Downtown Eastside roundtable consultation begins this week
VCH is always looking for ways to improve how it delivers and supports health services and, most importantly, what it can do to improve the health and health outcomes of the people it serves. This is the motivation behind a series of roundtable consultation meetings that VCH began hosting with Downtown Eastside (DTES) stakeholders on December 5, starting with a breakfast roundtable VCH President and CEO Dr. Ostrow held with directors and managers.
VCH currently provides $66M in funding to about 40 agencies for 117 programs in an eight block radius of Vancouver’s DTES. The area has an estimated population of 18,000 with around half of them using or depending on the services provided through VCH funding.
“Using these resources, we have come a long way. After 15 years of concentrated effort in the DTES, this community IS healthier. It is evolving and as its needs change, so should our health services,” said Mary Ackenhusen, COO, Vancouver. “It’s time to revisit the work we do, to build on our strengths, and where needed, make changes to ensure we’re doing the right things for the right people at the right time.”
The first step towards achieving our goals was commissioning a third-party environmental assessment of the community through the eyes and ears of our partners, stakeholders and residents.

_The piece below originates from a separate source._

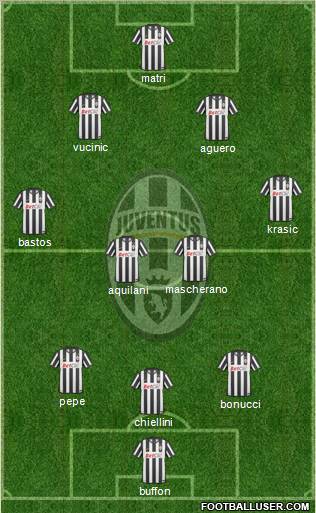 Juventus Formation 2011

VCH engaged a writer and researcher, Charles Campbell, to interview over 40 community members and organizations in August and September to hear their thoughts on relationships and health and health services in the DTES. Campbell summarized that feedback in a discussion paper, “Working with health agencies and partners in the Downtown Eastside,” which will be shared at upcoming roundtable sessions and posted on the VCH website (www.vch.ca) on Friday, December 7. More than 40 representatives from 15 community and agency representatives are expected to attend each of the two invitation-only sessions.
These roundtables are the beginning of an ongoing consultation process between VCH and the DTES agencies to look at ways to improve service delivery, accountability and health outcomes – not to cut costs in this community. VCH wants to be an effective and trusted partner in the DTES. These roundtables, building on the feedback provided through Charles Campbell’s discussion paper, will focus on how VCH and the DTES agencies can achieve that. We will also consider the thoughts and experience our own VCH leaders who serve this community as we gather their feedback in additional internal events and staff engagement sessions, with the latter starting next week.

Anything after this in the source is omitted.